Anyone who works in diaries will be amused by this example of the chutzpah of Bob Friend, who died earlier this month.
One evening Bob was a guest at Peter Tory’s mother’s home in Kent, when Peter’s father, Sir Geofroy – although divorced from her – was also a guest.
The distinguished former diplomat, now 96 and living peacefully in Ireland, is the former British ambassador to Dublin and High Commissioner in Malaya and Malta.
Half way through dinner, Friend asked permission to use the phone (a landline of course, in those days).
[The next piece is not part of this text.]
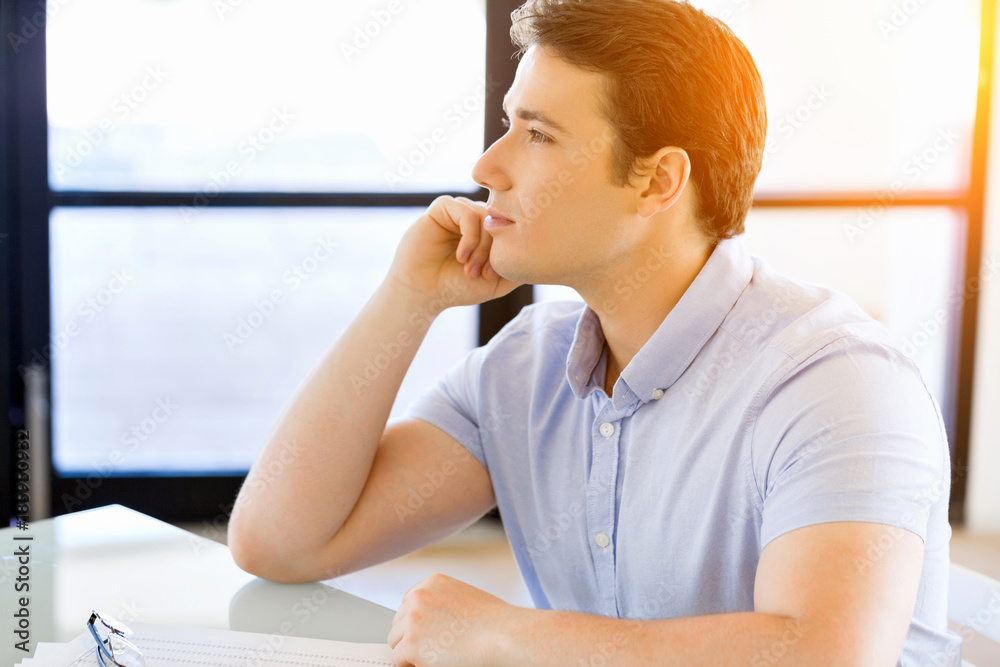 Pensive businessman at office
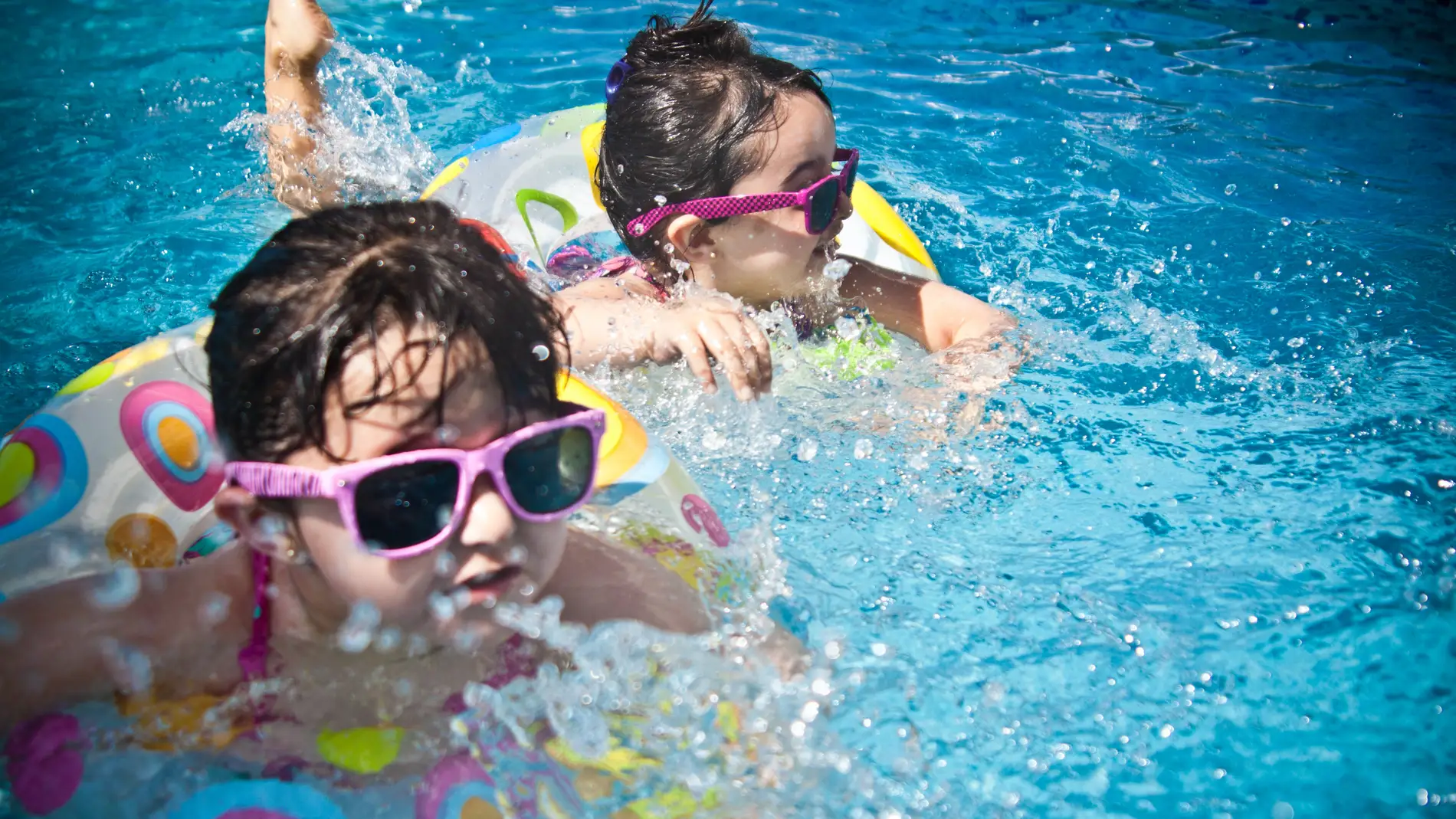Unas niñas en la piscina con flotadores.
Although Friend had closed the door behind him, Peter Tory could hear snatches of conversation in the hall and recognised that Friend – the cheek of the fellow – was actually, there and then, filing a story about the dinner conversation.
The story Bob had ‘skulked out of the room to file'(as Tory describes it) concerned Sir Geofroy’s noble diplomatic attempts to heal a rift between Duncan Sandys, the then Minister for Commonwealth Relations who negotiated the independence of Malaysia in 1963 and Tunku Abdul Rahman, who became Malaysia’s first prime minister. It involved an exchange of letters between the two men that, in fact, were effectively drafted by Sir Geofroy.
‘He was effectively writing letters to himself,’says Tory. ‘Bob couldn’t wait to sell the story.’He recalls Friend intoning, semi sotto voce down the line to the copy-taker: ‘At this point, Sir Geofroy said, colon quotes…’etc etc.
Needless to say Peter Tory was not amused.